» Data excerpts
——————

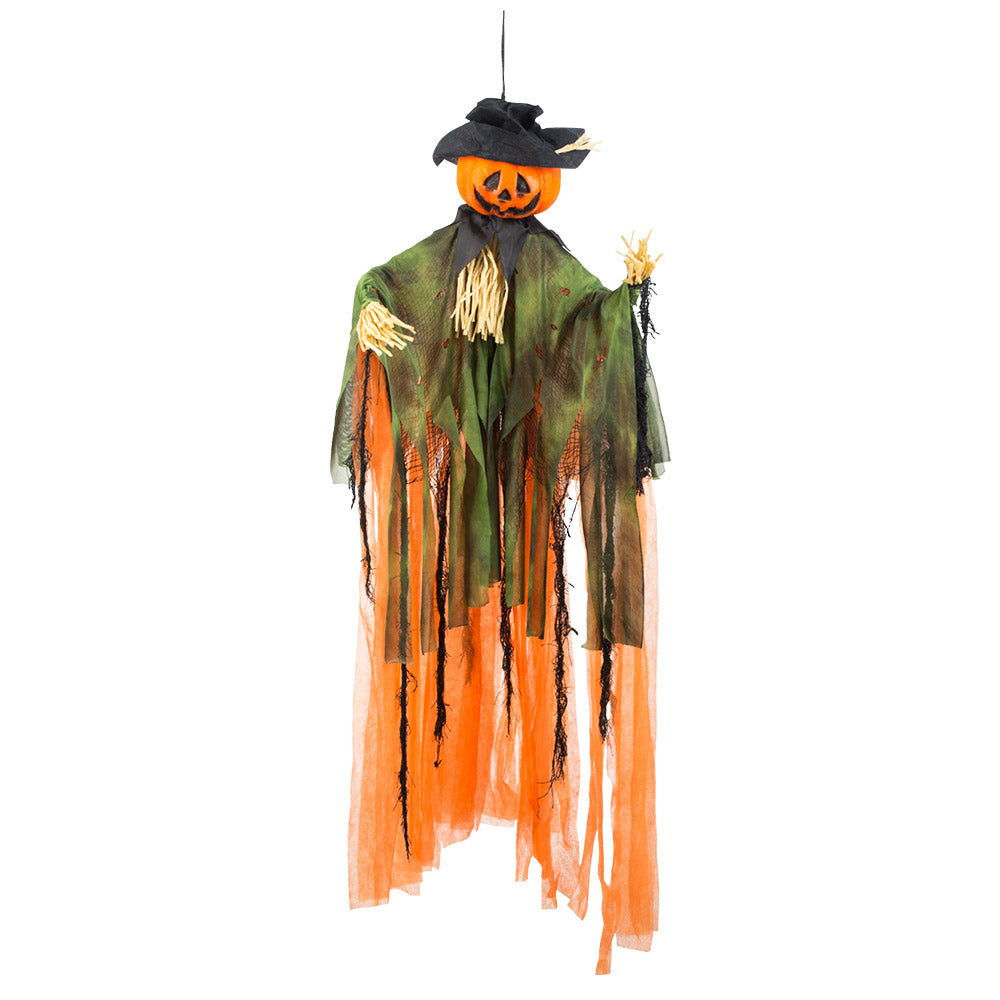 Roikkuva Mr. Pumpkin 100 cm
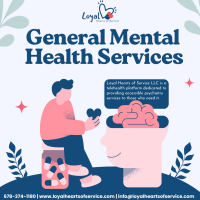 General Mental Health in Arizona | Everyday Wellness Support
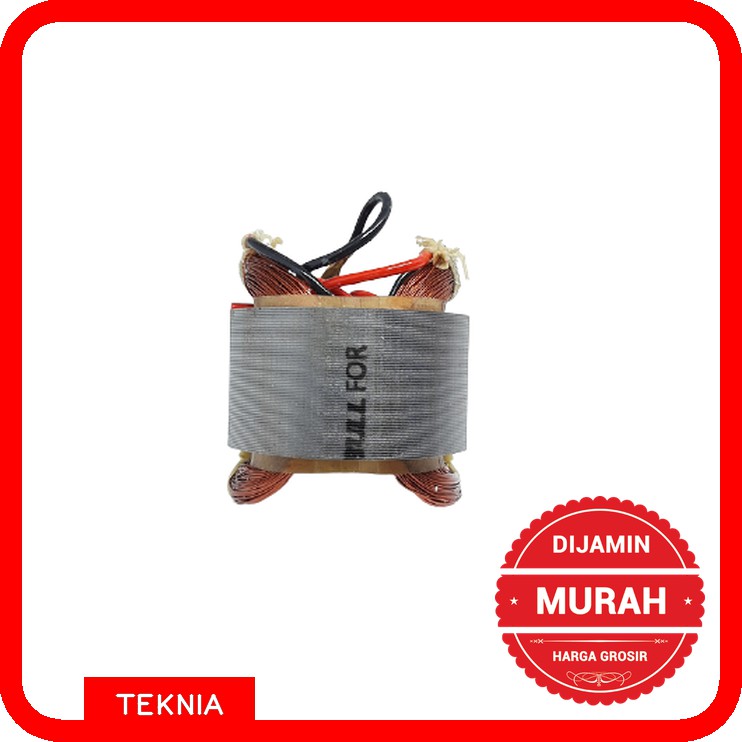 Stator Bull MT811- For Mesin Gurinda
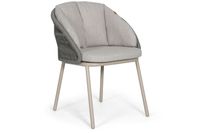 Santika Furniture Santika Pebble dining tuinstoel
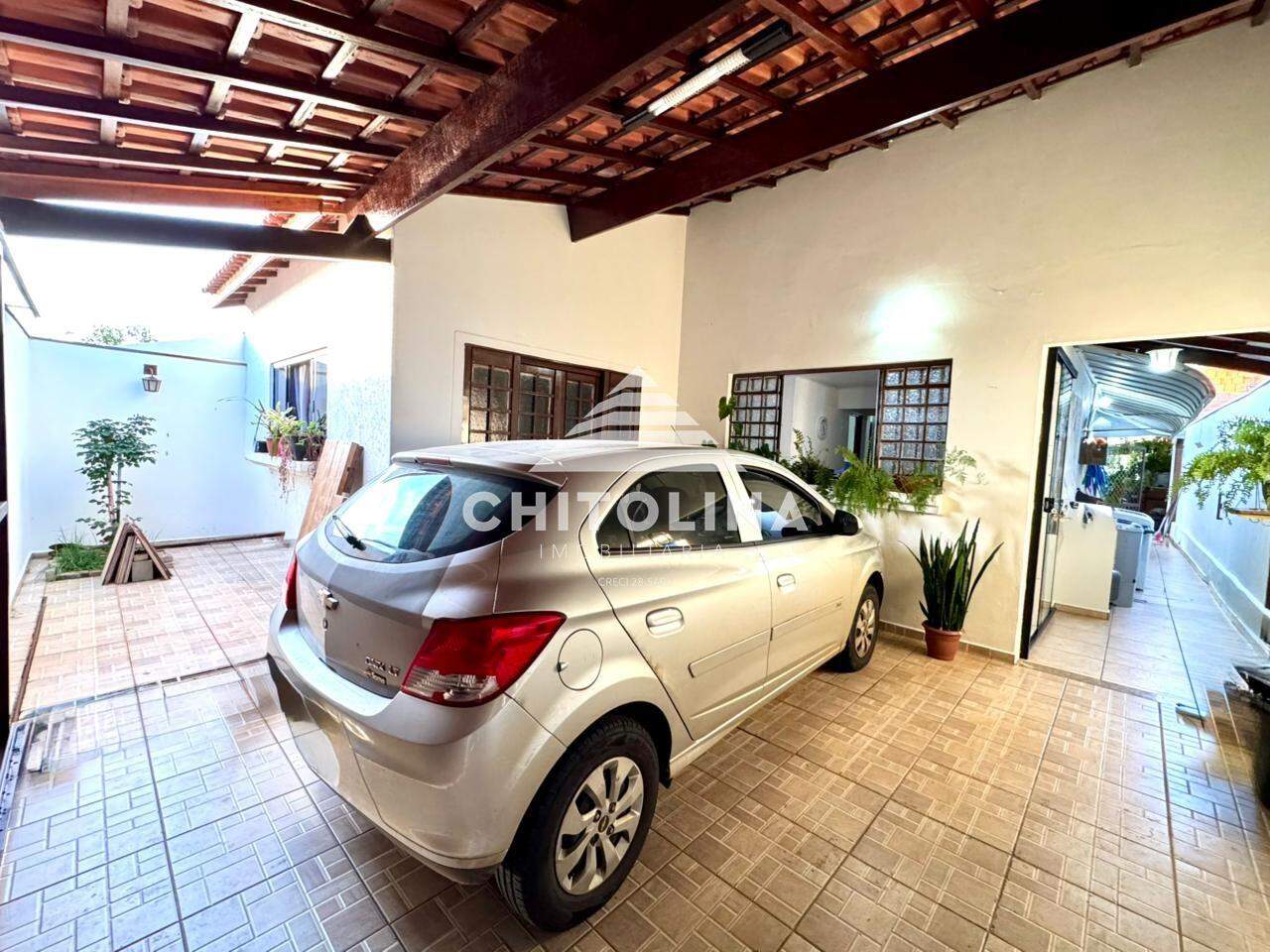 Casa à venda no Vila Piedade: 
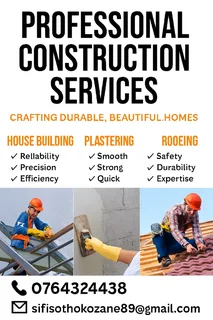 House - Ad posted by Sifiso Thokozane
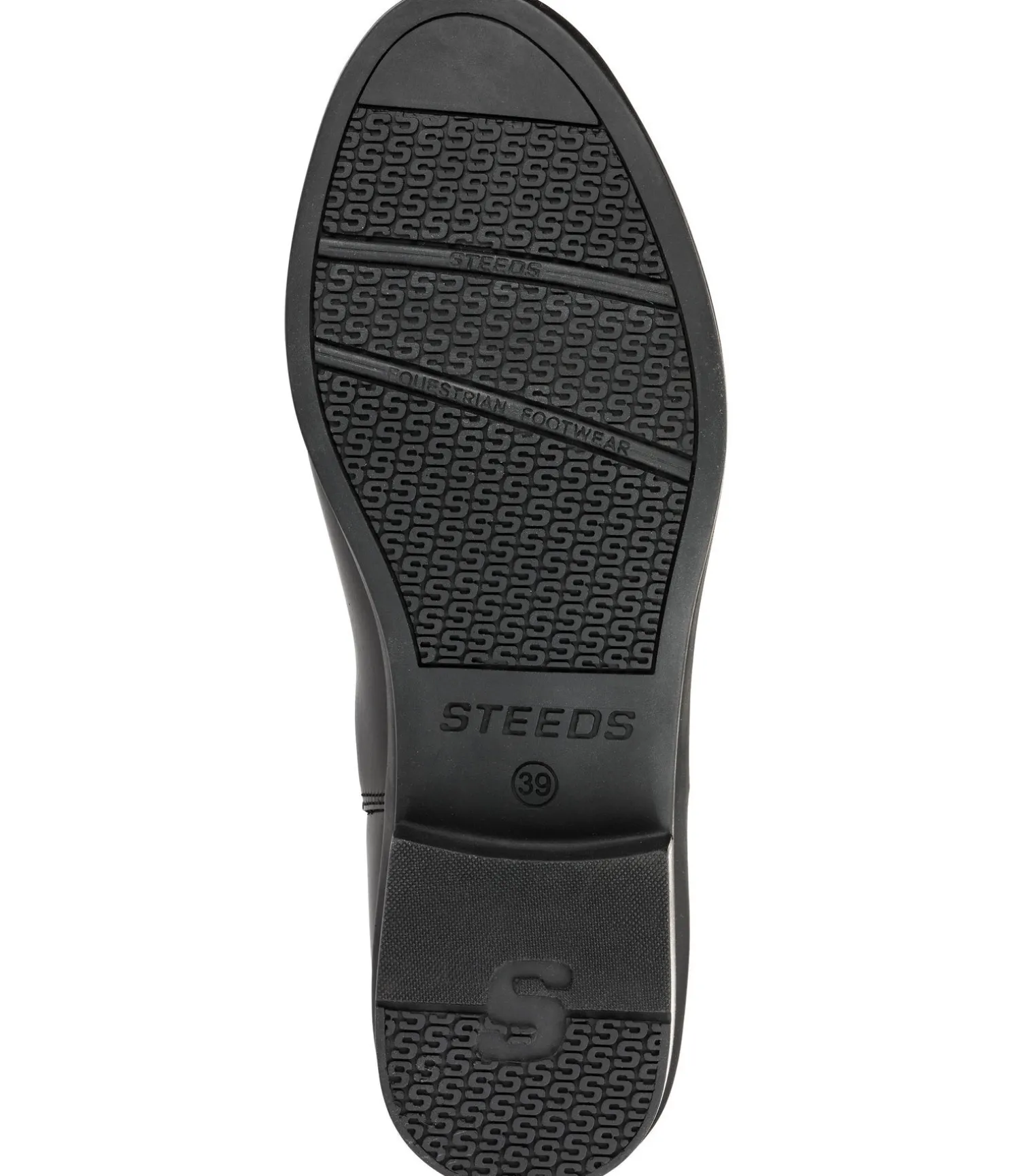 Bottes d'équitation SYLKA Tender III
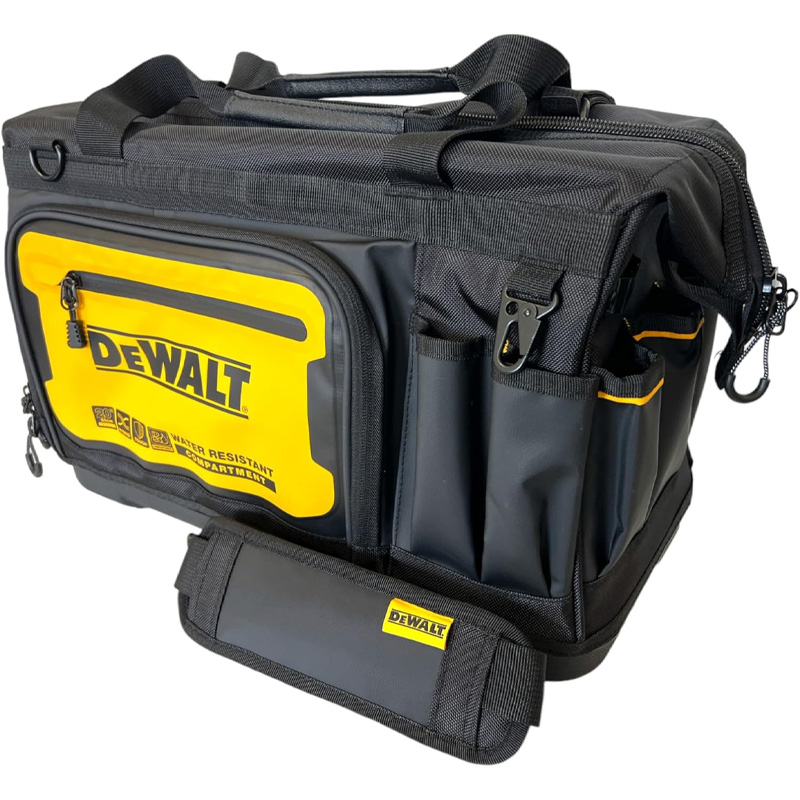 Geanta pentru scule DEWALT Pro 20'', 510x290x310 mm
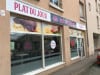 Kim - La façade du restaurant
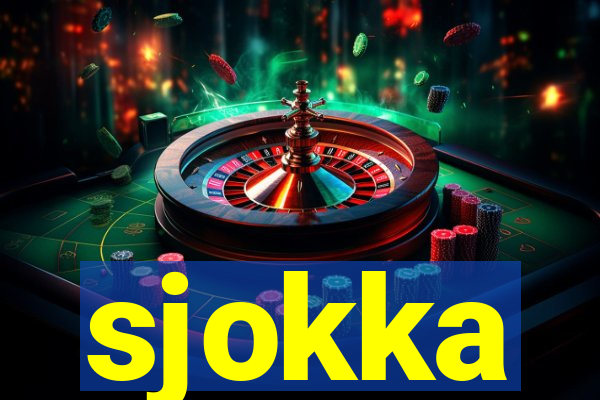 sjokka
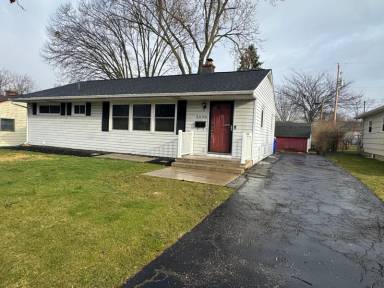 Main picture of 2698 Shrewsbury Rd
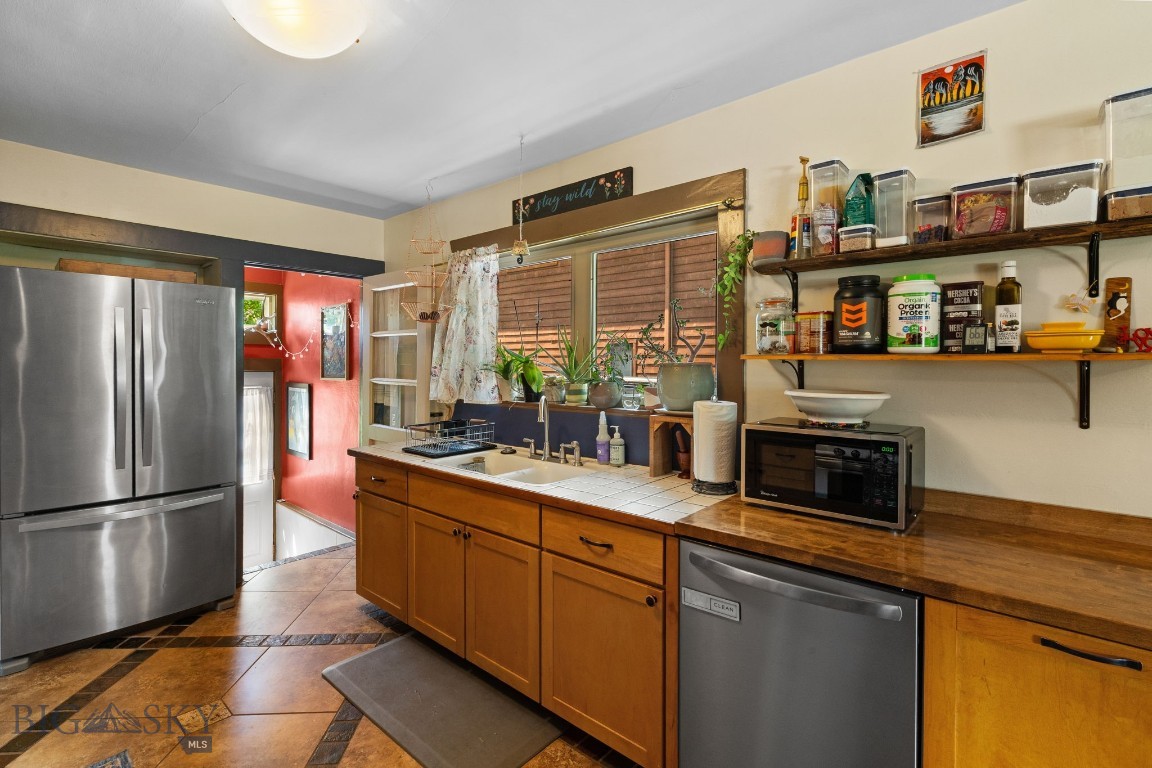 West Park Addition - Residential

——————

» Exercise instructions
Using the records above, retype everything exactly except the pictures.

» Response to this exercise
 Roikkuva Mr. Pumpkin 100 cm
 General Mental Health in Arizona | Everyday Wellness Support
 Stator Bull MT811- For Mesin Gurinda
 Santika Furniture Santika Pebble dining tuinstoel
 Casa à venda no Vila Piedade: 
 House - Ad posted by Sifiso Thokozane
 Bottes d'équitation SYLKA Tender III
 Geanta pentru scule DEWALT Pro 20'', 510x290x310 mm
 Kim - La façade du restaurant
 sjokka
 Main picture of 2698 Shrewsbury Rd
 West Park Addition - Residential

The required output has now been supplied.